Wednesday, February 13, 2013

Can Lis: Form and Performance



One of Utzon’s most important works is a house he designed for himself and his family near Petro Porto on the Spanish island of Majorca, off the Mediterranean coast near Barcelona.  The house is one of those extremely rare, successful essays in the conscious production of a vernacular building by a professional, and appropriately a significant example of Utzon’s understanding of sun and daylight.  Not so long ago, the production of (vernacular) buildings, the control of daylight, and thermal control were one and the same.  There were no mechanical or electrical means for providing visual or thermal comfort.  At this house, which Utzon called Can Lis, he developed a most interesting approach to daylighting, one which, in a vernacular manner, guided his design decisions throughout the project.

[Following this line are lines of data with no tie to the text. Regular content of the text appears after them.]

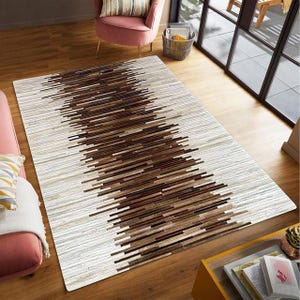 May include: Rectangular area rug with a geometric design. The rug features a central pattern of brown and tan horizontal lines against a background of off-white lines. The rug is placed on a hardwood floor.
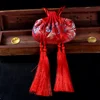 Grande borsa vuota con fiore rosso luna e doppia nappa
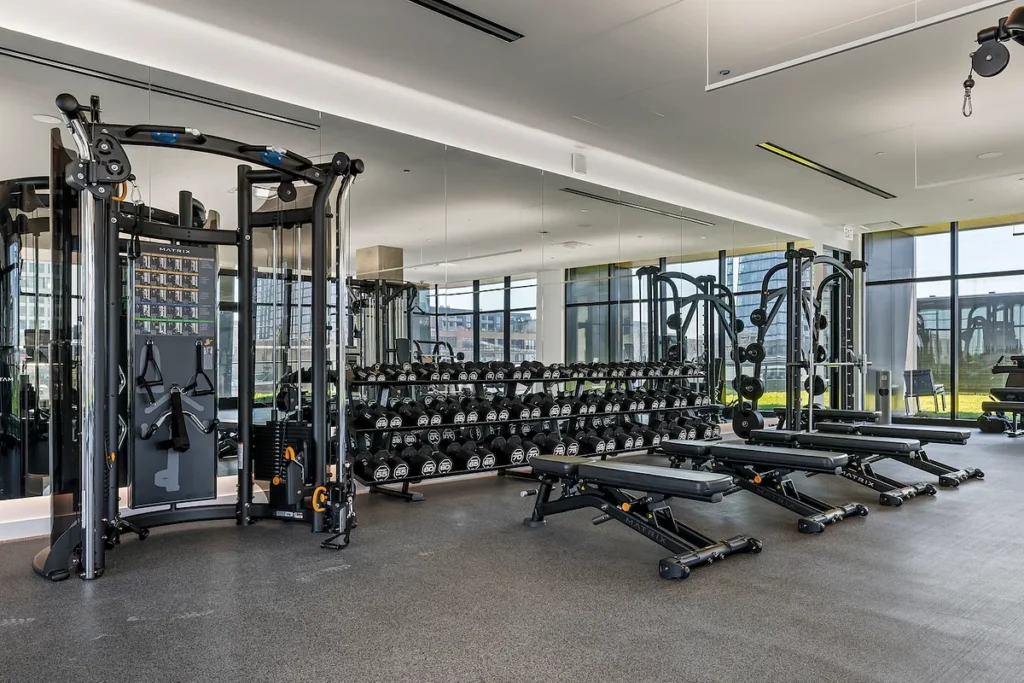 Luxury apartments at The Elizabeth by Sterling Bay. Gym interior with a cable machine, racks of dumbbells, and several weight benches.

Utzon’s daylighting strategy at Can Lis recognizes three ideas. The first is that a little sunlight goes a long way.  For the most part, direct sun is visually uncomfortable and inefficient and the same is true thermally; it is typically a mistake to bring quantities of uncontrolled direct sun into a space.  Direct sun is fine if you are lazing on the seashore or enjoying a leisurely stroll.  But too much sun, even a little sun from the wrong direction, easily introduces glare and overheating to a building interior.  Utzon’s second idea was that views of sun-washed and daylight-washed surfaces and landscapes can bring the satisfaction of sunlight and a sense of the passage of the day into a space while minimizing the visual and thermal problems.  Seeing the unmistakable evidence of sun on a nearby surface or in the distance is a very effective substitute for being exposed to direct sun.  The third and crucial idea was Utzon’s recognition that in Spain the sun follows a relatively high arc through the southern sky (at least in comparison to his native Denmark) and therefore configuring and locating the house’s openings toward the horizon would minimize the attack of direct sun and maximize the intake of more desirable, diffused skylight.